Ditches also known as Topless Tunnels
Yes, there is more to look for than the obvious wrecks and ledges. These are special areas that I call ditches and sometimes refer to as “topless tunnels.” These areas are located on what looks like a flat lifeless bottom. There is a secret as well as a chance for finding these areas. The secret is to know that there is a possibility that they can be anywhere on the ocean bottom. The chance is that those fish that live in it happen to be out of the ditch when you ride over it. When I see a flat bottom area, which shows absolutely no bottom life I watch out for any sort of bottom detail such as small bait fish hovering or a single large fish moving. I have my fish finder set up so that I can zoom right to the bottom, which offers quite a bite of detail. However, with anything detailed such as this you have to know what you are looking at. In my case it’s using the same style fish finder for over 20 years.
On April 18, 2012 Captain Frank, “Snapper Man” Murray fished with Captain Triple Trouble Steve at the Savannah Snapper banks. He is holding a nice genuine red snapper, which he caught while using a live ruby red lips. Captain Frank’s main goal is to catch a MAHI MAHI! My main goal is to see that this happens!!! And the best thing is we still got time!!

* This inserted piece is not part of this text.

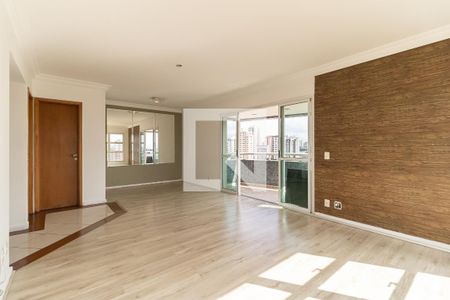 Sala de apartamento para alugar com 3 quartos, 133m² em Ipiranga, São Paulo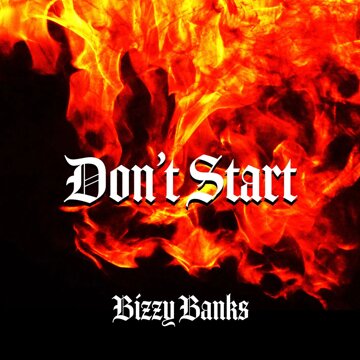 Obálka uvítací melodie Don't Start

With my thoughts of finding more fish in mind I started slowly making way while looking for a particular bottom detail. Just as I have hundreds and maybe thousands of times over my past 50 years of fishing and as luck would have it “there was this one fish.” I quickly wrote coordinates down, screamed bait the hooks, and get ready. As I made a turned back up current of the area I was excited about what I had found. When the hooks hit the bottom big strong hook ups happened!! We caught everything from trigger fish, porgy, white grunts, and vermilion snapper. And I almost forget to mention that one big fish that was swimming near the bottom that turned my head. Whether or not this was the big fish, but Captain “Triple Trouble Steve did catch a big gag grouper. And this is why I love fishing so much, because you really never know what is going to bite your hook when!! However, with years of knowledge and real fishermen that can fish I really don’t know how any of us in the Tybee Fishing Team can go wrong!! GO TEAM TYBEE!!
Best fishing for grouper is yet to come
October through December!
With ocean temperatures on the drop these fish are making way. When a fish moves it’s got to eat. This big gag inhaled a large live vermillion snapper while bottom fishing in 130 feet of beautiful blue water.
Gulf Stream Bite
Bottom fishing and trolling options!
Yes there big grouper at them there deep water drops!! Give jigging a try, because big bottom fish such as this big grouper are making plans to move!! And they have already gone into their bulking up mode!!
Johnnie Wilson on the E-FISHIN-C with a deli ledge gag grouper.